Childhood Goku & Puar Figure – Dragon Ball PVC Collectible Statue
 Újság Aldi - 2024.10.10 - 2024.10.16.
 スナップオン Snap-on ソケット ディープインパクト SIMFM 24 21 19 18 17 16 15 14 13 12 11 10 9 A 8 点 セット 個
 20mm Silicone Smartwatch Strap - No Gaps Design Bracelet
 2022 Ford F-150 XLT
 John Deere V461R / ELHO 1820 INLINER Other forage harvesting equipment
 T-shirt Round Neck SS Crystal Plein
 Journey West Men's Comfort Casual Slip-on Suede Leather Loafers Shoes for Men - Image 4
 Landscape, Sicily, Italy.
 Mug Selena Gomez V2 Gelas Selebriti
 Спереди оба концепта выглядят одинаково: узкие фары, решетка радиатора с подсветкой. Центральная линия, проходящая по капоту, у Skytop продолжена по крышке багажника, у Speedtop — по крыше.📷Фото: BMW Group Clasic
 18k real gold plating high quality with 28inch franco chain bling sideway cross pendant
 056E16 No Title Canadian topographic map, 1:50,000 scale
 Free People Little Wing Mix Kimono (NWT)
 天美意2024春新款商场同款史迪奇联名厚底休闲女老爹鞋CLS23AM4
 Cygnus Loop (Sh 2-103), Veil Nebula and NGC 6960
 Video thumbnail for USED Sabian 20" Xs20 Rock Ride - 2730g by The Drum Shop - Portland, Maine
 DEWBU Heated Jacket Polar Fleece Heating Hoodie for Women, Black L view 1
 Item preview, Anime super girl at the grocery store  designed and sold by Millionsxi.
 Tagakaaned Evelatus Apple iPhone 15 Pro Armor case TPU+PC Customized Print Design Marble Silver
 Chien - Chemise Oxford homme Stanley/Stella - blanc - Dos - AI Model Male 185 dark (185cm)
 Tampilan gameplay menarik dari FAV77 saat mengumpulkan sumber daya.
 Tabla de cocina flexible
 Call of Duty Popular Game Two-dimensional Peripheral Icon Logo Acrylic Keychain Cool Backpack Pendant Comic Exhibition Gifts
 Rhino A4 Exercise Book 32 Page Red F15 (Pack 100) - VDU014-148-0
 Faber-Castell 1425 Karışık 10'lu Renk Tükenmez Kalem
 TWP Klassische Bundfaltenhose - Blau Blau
━━━━━━━━━━━━━━━━━━━━
• What is being asked:
Make a word-for-word transcription of the listing above.

• Solution to the problem:
Childhood Goku & Puar Figure – Dragon Ball PVC Collectible Statue
 Újság Aldi - 2024.10.10 - 2024.10.16.
 スナップオン Snap-on ソケット ディープインパクト SIMFM 24 21 19 18 17 16 15 14 13 12 11 10 9 A 8 点 セット 個
 20mm Silicone Smartwatch Strap - No Gaps Design Bracelet
 2022 Ford F-150 XLT
 John Deere V461R / ELHO 1820 INLINER Other forage harvesting equipment
 T-shirt Round Neck SS Crystal Plein
 Journey West Men's Comfort Casual Slip-on Suede Leather Loafers Shoes for Men - Image 4
 Landscape, Sicily, Italy.
 Mug Selena Gomez V2 Gelas Selebriti
 Спереди оба концепта выглядят одинаково: узкие фары, решетка радиатора с подсветкой. Центральная линия, проходящая по капоту, у Skytop продолжена по крышке багажника, у Speedtop — по крыше.📷Фото: BMW Group Clasic
 18k real gold plating high quality with 28inch franco chain bling sideway cross pendant
 056E16 No Title Canadian topographic map, 1:50,000 scale
 Free People Little Wing Mix Kimono (NWT)
 天美意2024春新款商场同款史迪奇联名厚底休闲女老爹鞋CLS23AM4
 Cygnus Loop (Sh 2-103), Veil Nebula and NGC 6960
 Video thumbnail for USED Sabian 20" Xs20 Rock Ride - 2730g by The Drum Shop - Portland, Maine
 DEWBU Heated Jacket Polar Fleece Heating Hoodie for Women, Black L view 1
 Item preview, Anime super girl at the grocery store  designed and sold by Millionsxi.
 Tagakaaned Evelatus Apple iPhone 15 Pro Armor case TPU+PC Customized Print Design Marble Silver
 Chien - Chemise Oxford homme Stanley/Stella - blanc - Dos - AI Model Male 185 dark (185cm)
 Tampilan gameplay menarik dari FAV77 saat mengumpulkan sumber daya.
 Tabla de cocina flexible
 Call of Duty Popular Game Two-dimensional Peripheral Icon Logo Acrylic Keychain Cool Backpack Pendant Comic Exhibition Gifts
 Rhino A4 Exercise Book 32 Page Red F15 (Pack 100) - VDU014-148-0
 Faber-Castell 1425 Karışık 10'lu Renk Tükenmez Kalem
 TWP Klassische Bundfaltenhose - Blau Blau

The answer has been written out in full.